The chances you are born on February 29th are one in every 1,461 births, making a birthday on leap day rather special.  But, why do we have leap year’s, leap days and leap seconds anyway?

The reason for the leap day is actually fairly straight forward.  The earth takes exactly 365.2422 days to complete its orbit around the sun, but the Gregorian calendar uses 365 days. That disconnect of a quarter day means our calendars would eventually not match the seasons.

If we stopped leap years, after 4 years the calendar would be about a day short.  In 400 years you’d be celebrating Christmas around the time the sun was crossing the autumnal equinox.  So leap years – and leap seconds- are added as means of keeping our calendars (and clocks) in sync with the Earth and its seasons.

Here’s a fun piece of trivia to use this week.  A leap year occurs every 4 years, except when it doesn’t.  If the year isn’t divisible by 400 and 4 there isn’t a leap year.  So 1900, didn’t have a leap year, neither did 1800, or 1700.  In about 10,000 years we will have to rethink the system again as it still isn’t perfect.

Leap Seconds Are Different

The Earth’s rotation is slowing down  by around two thousandths of a second per day.  This means we need to periodically add a second to the clocks.  Not doing so would mean eventually the sun would be rising when your clock said midnight.

Why Do We Add The Day in February?

Presently we use the Gregorian calendar introduced by Pope Gregory in 1582.  Prior to this, the western/Christian word used the Julian calendar was introduced by Julius Caesar in 45 BCE (Before Common Era)
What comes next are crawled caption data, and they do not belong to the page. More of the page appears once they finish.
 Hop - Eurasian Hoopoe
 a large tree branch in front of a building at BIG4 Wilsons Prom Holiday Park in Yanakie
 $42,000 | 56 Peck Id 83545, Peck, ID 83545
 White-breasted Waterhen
Emperors Ego’s Playing With The Calendars

At the time of Julius Caesar February had 30 days and the month named after him July had 31, but August only had 29 days.  When Caesar Augustus became Emperor he took two days from February and added them to August, his month.  This is why both July and August are 31 days.   Imagine if he had taken two days from July, our summers might be shorter! Maybe he didn’t want to lose out on his vacation time on the Amalfi Coast.

Colonial Time warp

The United States didn’t switch from the Julian calendar until 1752.  This is one of the reasons some of the Founding Fathers have two birthday dates.  George Washington was born in Virginia on February 11, 1731, according to the then-used Julian calendar. In 1752, when, Britain and all its colonies started using the Gregorian calendar  it moved Washington’s birthday a year and 11 days to February 22, 1732.

If you are wondering why his birthday moved a full year, it’s because the change from the Julian to the Gregorian calendar occurred in three steps beginning at the end of 1750 and finally reaching completion in September of 1752. You can see the steps below. And you thought daylight saving time was confusing.
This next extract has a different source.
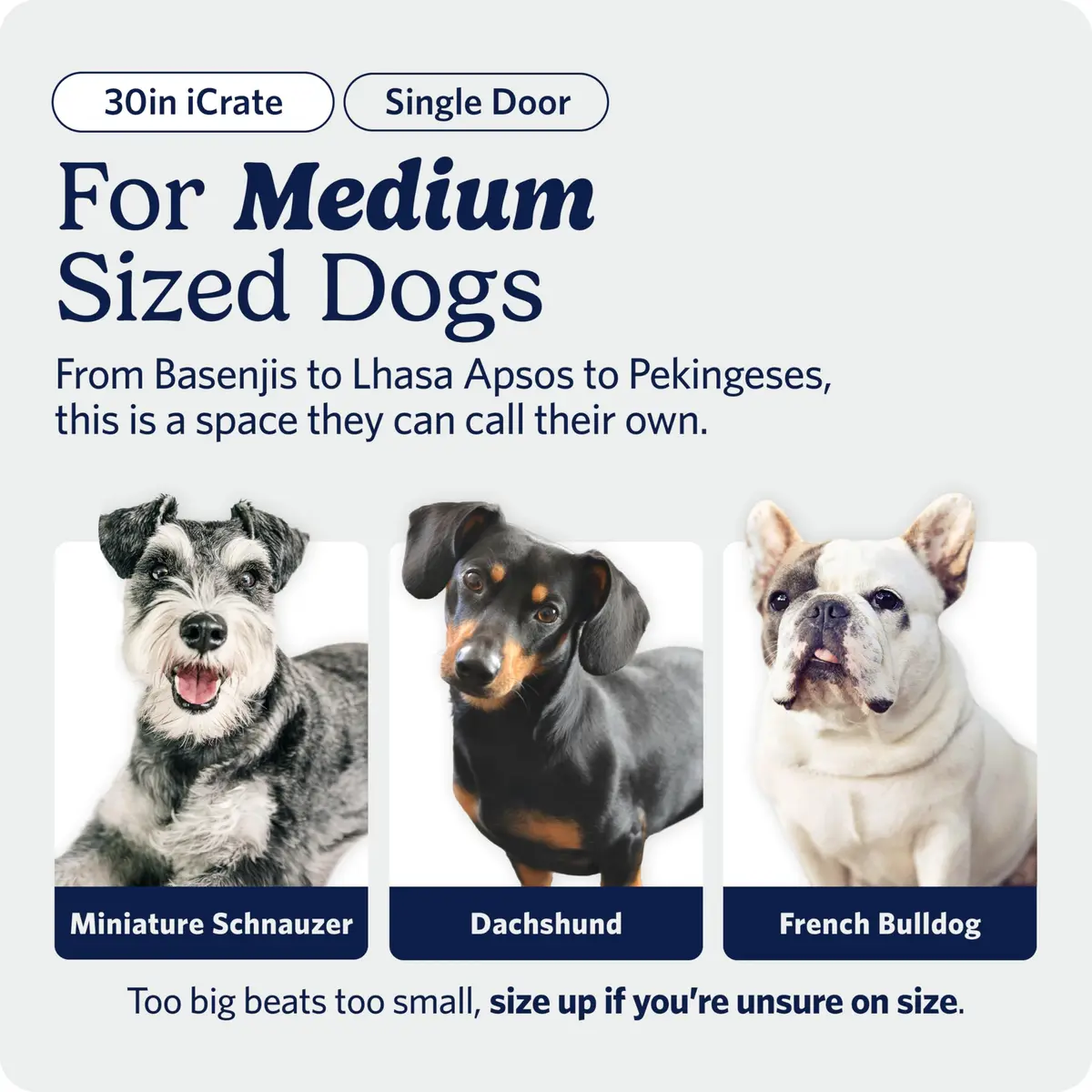 MidWest 30-Inch Single Door iCrate for Medium Breeds 21-40 lbs | Secure, Foldable & Durable - view 2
• December 31, 1750 was followed by January 1, 1750 (under the “Old Style” calendar, December was the 10th month and January the 11th)
• March 24, 1750 was followed by March 25, 1751 (March 25 was the first day of the “Old Style” year)
• December 31, 1751 was followed by January 1, 1752 (the switch from March 25 to January 1 as the first day of the year)
• September 2, 1752 was followed by September 14, 1752 (drop of 11 days to conform to the Gregorian calendar)

Final Factoid-Alaska did not change from the Julian calendar to the Gregorian calendar until 1867 because, up to that point, it was part of Russia.